MAHKEMESİ :Asliye Hukuk Mahkemesi
Taraflar arasındaki 4650 sayılı Kanunla değişik 2942 sayılı Kamulaştırma Kanununun 10. maddesine dayanan kamulaştırma bedelinin tespiti ve kamulaştırılan taşınmazın davacı idare adına tescili davasından dolayı yapılan yargılama sonunda: Davanın kabulüne dair verilen yukarıda gün ve sayıları yazılı hükmün Yargıtay"ca incelenmesi, davacı idare vekilince verilen dilekçe ile istenilmiş olmakla, dosyadaki belgeler okunup uyuşmazlık anlaşıldıktan sonra gereği görüşülüp düşünüldü: - K A R A R – Dava, 4650 sayılı Kanunla değişik 2942 sayılı Kamulaştırma Kanununun 10. maddesine dayanan kamulaştırma bedelinin tespiti ve kamulaştırılan taşınmazın davacı idare adına tescili istemine ilişkindir.

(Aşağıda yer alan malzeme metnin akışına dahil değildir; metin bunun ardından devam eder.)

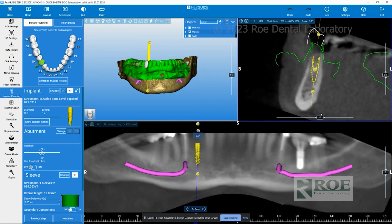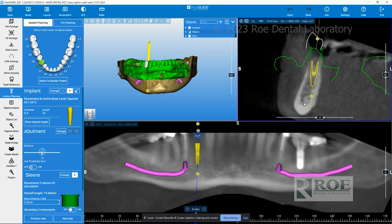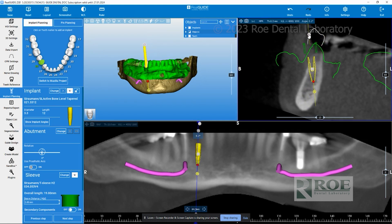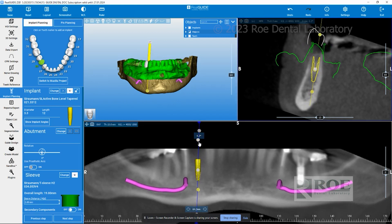If you want to make changes to the implant — be it mesial-distal or buccal-lingual — you'll see two circles on either side of the implant, as well as down on the pano. They're the same color as the implant. Click and hold your left mouse button: one circle moves the apex of the implant, and the other moves the coronal. In this view it moves buccal-lingually, and in the other view it moves mesial-distally.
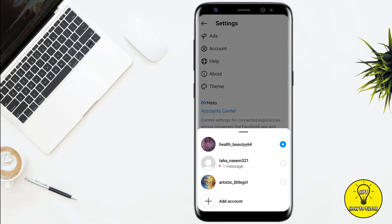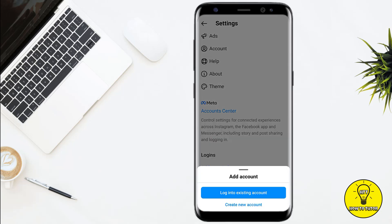Here you can see that I have multiple accounts on this device, but if you want to add another account, you simply have to click on Add Account. If you want to create a new account, click on Create a New Account, or if you want to log into an existing account, click on Login to an Existing Account.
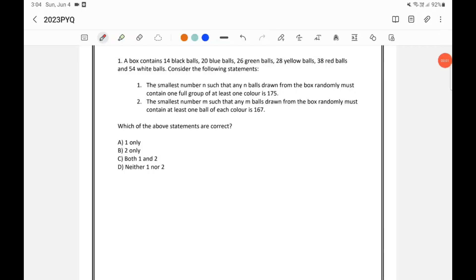Let's take this question. A box contains 14 black balls, 20 blue balls, 26 green balls, 28 yellow balls, 38 red balls, and 54 white balls. Now consider the following statements.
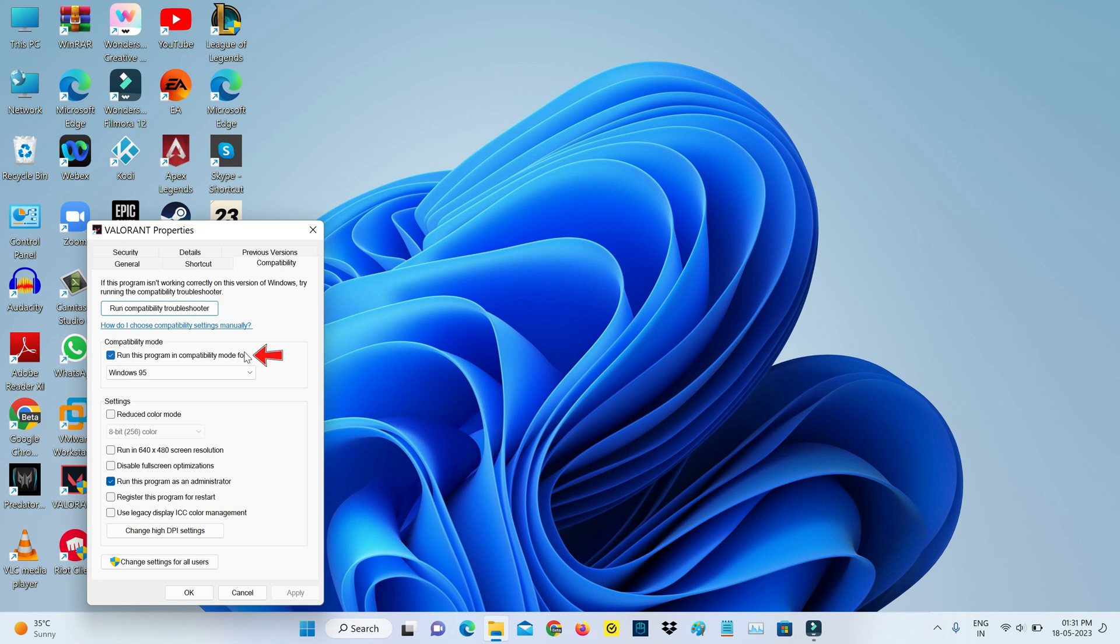And untick this option, run this program in compatibility mode for. So next you can untick this same option, run this program as an administrator, and click to save these changes.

Mahkemece uyulan bozma kararı gereğince inceleme ve işlem yapılarak davanın kabulüne karar verilmiş; karar, davacı idare vekilince temyiz edilmiştir. Mahkemece bozma ilamına uyularak karar verilmiş ise de, gerekleri tam olarak yerine getirilmemiştir. Şöyle ki; 1- Bozma öncesi hükme esas alınan bilirkişi kurulu raporunda münavebeye esas alınan ürünler buğday ve arpa olduğu, bu husustan bozma yapılmadığı halde, idare lehine oluşan usuli kazanılmış hak ihlal edilmek suretiyle münavebeye kimyon ve nohut ürünü de eklenerek tespit edilen metrekare birim fiyatına endeks uygulanmak suretiyle fazla bedel tespiti, 2-Bozma ilamında; İlk kararın davacı idare ve davalılardan ... vekili tarafından temyiz edildiği, ilk kararda tespit edilen taşınmazın zemin bedelinin, kararı temyiz etmeyen davalılar yönünden kesinleştiği ve bu bedelin davacı idare lehine usuli kazanılmış hak oluşturduğundan bozmadan sonra sadece ilk kararı temyiz eden davalının payı hesaplanarak, bu miktarın bloke ettirilip adı geçene ödenmesine ve diğer davalılar yönünden de bozmadan önceki miktarla sınırlı olarak hüküm kurulması gerektiği düşünülmeden, bozmadan sonra tespit edilen bedel üzerinden tüm davalıların payını kapsar şekilde karar verilmesi, Doğru görülmemiştir. Davacı idare vekilinin temyiz itirazları yerinde olduğundan hükmün açıklanan nedenlerle H.U.M.K.nun 428. maddesi gereğince BOZULMASINA, 06/02/2020 gününde oybirliğiyle karar verildi.